Continuing Efforts to Improve the Reproducibility of Research at the Journal of Research in Personality

Richard Lucas

Michigan State University

Richard Lucas

Anyone who has been paying attention knows that over the past few years, the field of psychology has been struggling with concerns about how replicable the research findings in our journals really are. These concerns stem partly from a few high profile cases of clearly problematic research, but also from more systematic examinations of the typical practices used in psychological research and in scientific research more broadly. Studies are very frequently underpowered, direct replications are rarely conducted, and there are concerns that the "conceptual replications" on which the field often relies (studies that are hardly ever pre-registered) allow for considerable analytic flexibility that inflates the rate of false positives. When these factors are considered in the context of incentive structures that primarily reward new discoveries over evidence that a finding is robust, there is clear cause for concern. Furthermore, fears about the replicability of published results appear to be confirmed by recent systematic attempts to reproduce several findings from the field.
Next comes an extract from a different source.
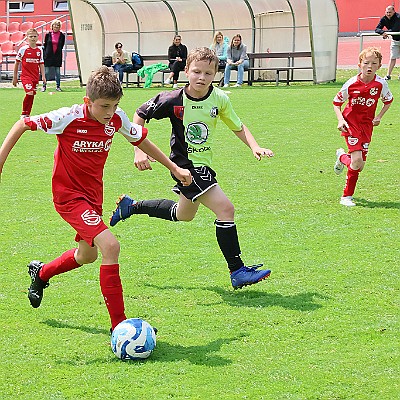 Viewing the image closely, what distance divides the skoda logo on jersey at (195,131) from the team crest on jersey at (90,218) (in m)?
1.37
In response to these developments, there has been vigorous debate-debate that has sometime been quite contentious—about the extent of the problems and about what to do to improve the field. Editors and publication committees have struggled to determine whether policy changes are needed, which changes will do the most good, and how quickly these changes should be implemented. Fortunately, among personality psychologists, there seems to be a bit more consensus than there is in other areas of psychology. There appears to be general agreement not only about the existence of the problem, but also about the steps we should take to improve things. This makes it somewhat easier for an editor of a personality journal to implement policy changes than it might be in some other areas, which is why JRP has been able to quickly respond to the replicability debate with concrete policy changes.

Of course, just because personality psychologists recognize that a problem exists and can agree in general about the path forward, this does not mean that we are actually succeeding in improving our practices. We may all agree in principle that replications are needed, while still failing to conduct them ourselves. We may recognize the benefits of large sample studies while still feeling the pressure to do more with limited resources. Thus, while policy changes are important, we must also evaluate the effects of those changes on the studies that we publish.

At JRP, we have primarily focused on encouraging replications and increasing focus on power and precision. Specifically, to encourage replications, we instituted a new policy that allows for authors to submit replication attempts of studies previously published in JRP (specifically, those studies published in the past five years). These papers will be subject to an abbreviated review process that focuses solely on whether the study is a reasonable (and adequately powered) replication of the original study. The rationale for the abbreviated review process (and for the decision to limit what types of replications will be considered) is that the importance of the question and the design of the study have already been evaluated and approved by reviewers, and therefore, the only question is whether the replication attempt is faithful to the original. Papers that pass this minimal threshold will be published, regardless of the outcome of the study.

The goal of this policy is to explicitly acknowledge that we value replication and to create incentives that encourage people to conduct replication studies. It is likely that replication studies will never be as highly valued as studies demonstrating a new effect, but our policy changes the risk/reward ratio in a way that favors replication. In short, when researchers chase a new finding, there is high risk involved, but also there is potentially high reward. With JRP's policy, we can lower the risk involved in conducting replications by almost guaranteeing publication when competent replication studies are conducted.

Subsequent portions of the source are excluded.